Robert C. Palmer, Cullen Professor of History and Law, The University of Houston

The plea rolls allow detailed work both in the number of lawyers who worked as attorneys in the court of common pleas and in the definition of the area in which they took clients. The information facilitates assessment of this branch of the legal profession, the functioning of both the central courts and local courts (in which these lawyers also worked), and social and local history. At this point detailed information is available for both 1563 and 1607 and less detailed information at points in between those two dates.

This page makes available a conference paper contrasting this analysis with the analysis of Christopher Brooks in his book Pettyfoggers and Vipers of the Commonwealth, a full listing of lawyers who worked as attorneys in the court of common pleas in 1607, and maps of their minimum catchment areas.

The conference at which the paper was delivered was the annual convention of the American Society for Legal History at Baltimore, November 2006.

The full listing of attorneys indicates that there were at least 1,079 lawyers who could bring actions as attorneys in the court of common pleas at the point in time of Trinity term 1607. The figure includes attorneys who submitted attorney warrants in that term as well as attorneys who submitted such warrants both before and after that term. Attorneys who submitted warrants only either soon before or soon after the term are listed but not included in the count. The information for 1563 is not yet tabulated, but will be posted as soon as possible, probably before the summer of 2007. For both 1563 and 1607 a substantial number of lawyers submitted warrants from multiple counties and thus could not be identified predominately with a single county (entered as "various") or handled no defendants and thus could not be identified with county or region at all ("unknown").

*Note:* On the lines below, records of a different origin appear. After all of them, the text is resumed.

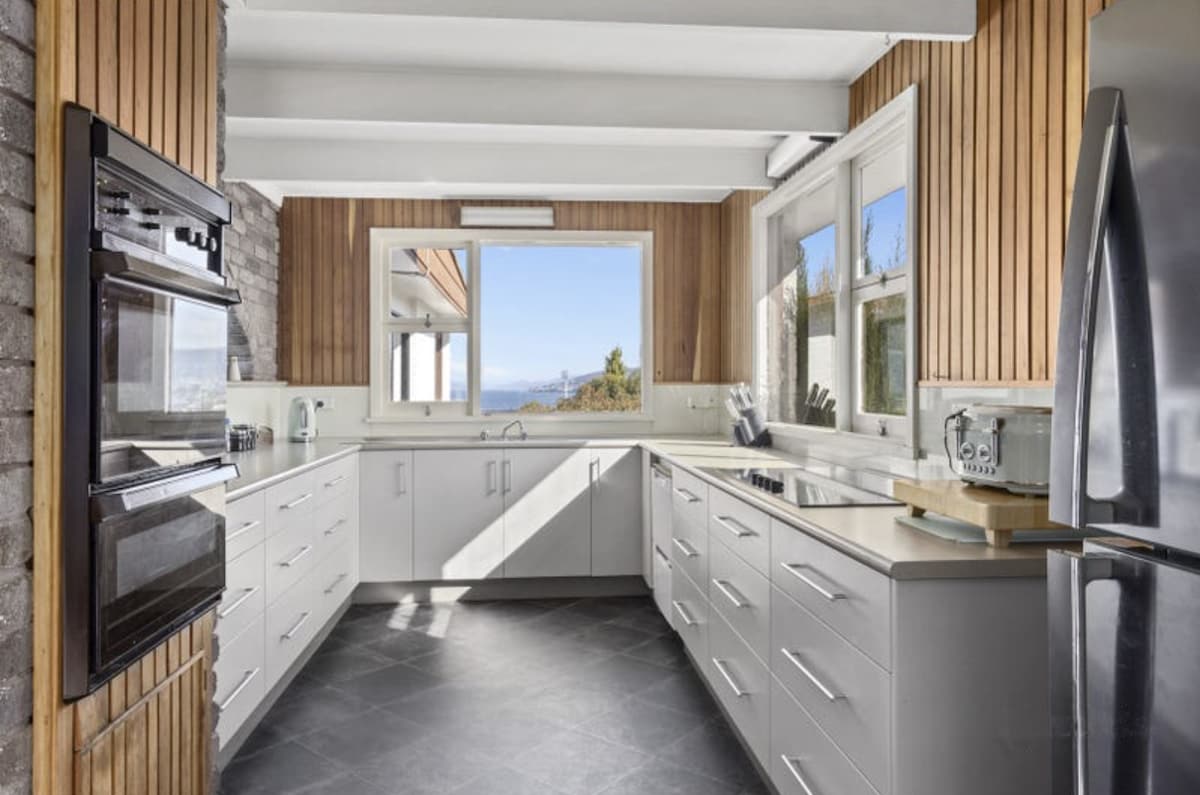 A modern kitchen with sleek white cabinetry and stainless steel appliances is displayed. Natural light filters through large windows, highlighting the wooden paneling on the walls. The gray tile flooring adds a contemporary touch to the overall design.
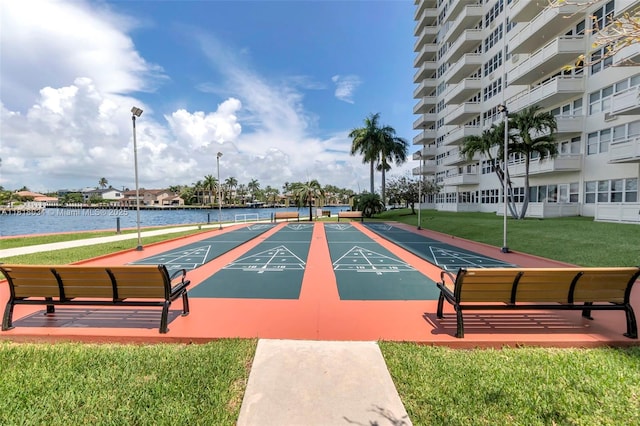 3200 NE 36th St Unit 1221, Fort Lauderdale, FL 33308 - view of community featuring shuffleboard, a yard, and a water view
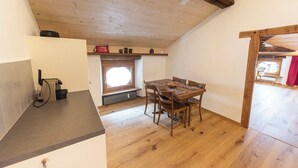 A room with a wooden ceiling, a dining table with chairs, a window with a view, and a small kitchen area. - Wohnung von Schorsch, (Splügen), by Interhome (Splügen)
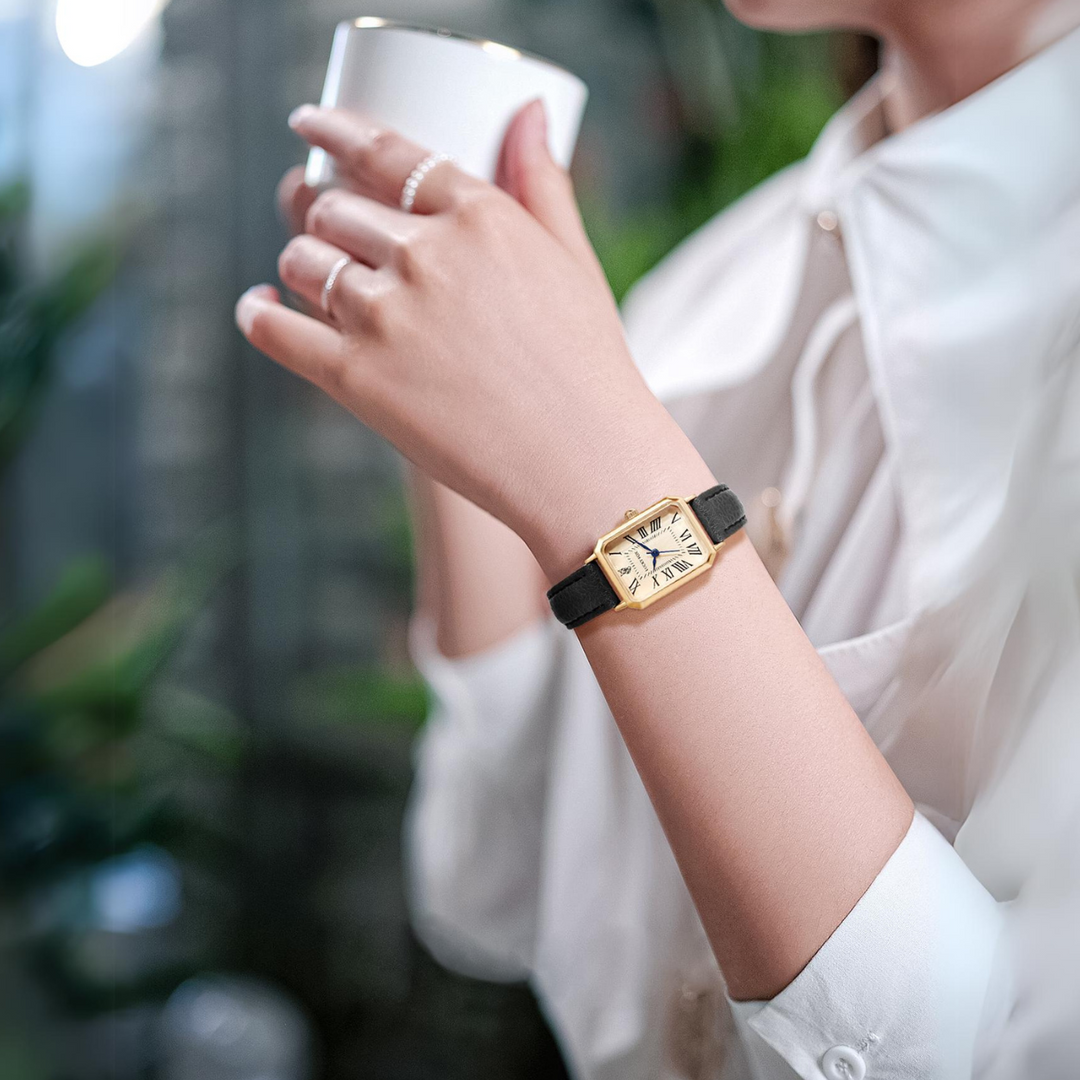 A person wearing a gold rectangular face watch with a genuine leather strap holds a white cup. They are dressed in a white blouse, and greenery is visible in the blurred background.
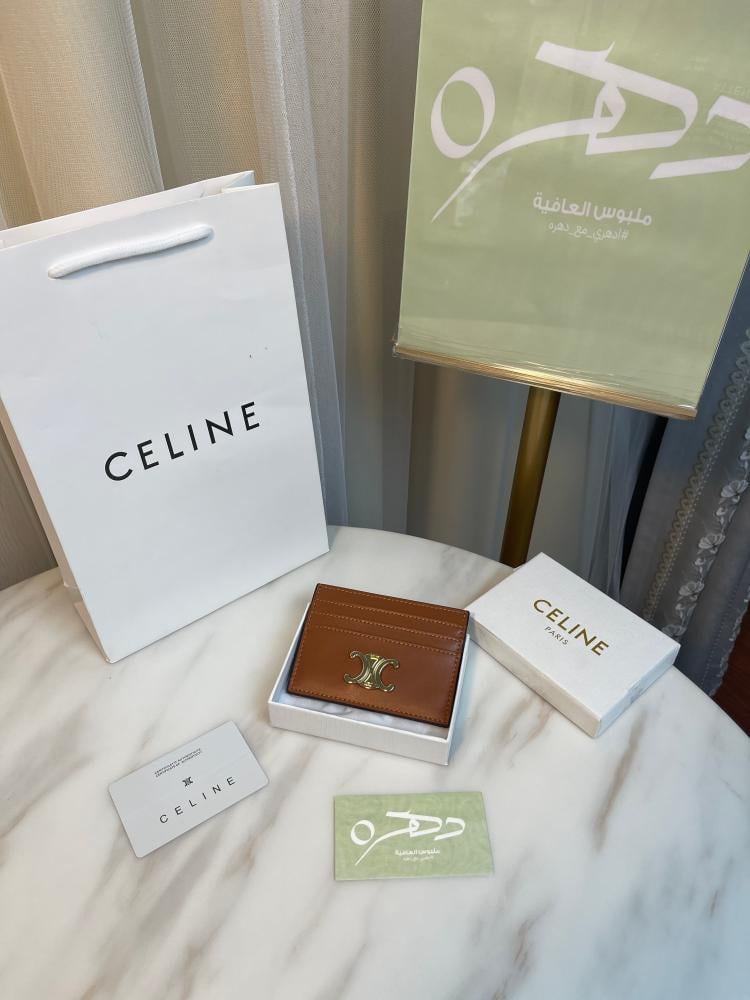 محفظة بطاقات تريومف من الجلد اللامع بشعار سيلين الذهبي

The maps showing catchment areas of attorneys indicate only minimum catchment areas. In 1607 only defendants had their parish of residence specified. Thus definition of an attorney's catchment area can only be based on the clients who were defendants in actions. Clients who were plaintiffs probably came from roughly the same area, but were in greater numbers, since many defendants settled with the plaintiff prior to retaining lawyers in the case. The catchment area definition includes information from 1607 to 1609. The material for 1563 is somewhat different, in that at that time plaintiffs were often identified also by parish of residence.

The maps demonstrate, among other things, the difficulty of assigning attorneys to individual counties (since most took clients from more than one). The degree to which all areas of the country were served by multiple attorneys, who also often spent term-time in the inns in London, suggests strongly that attorneys were a major means by which information, social and political, was gathered and disseminated.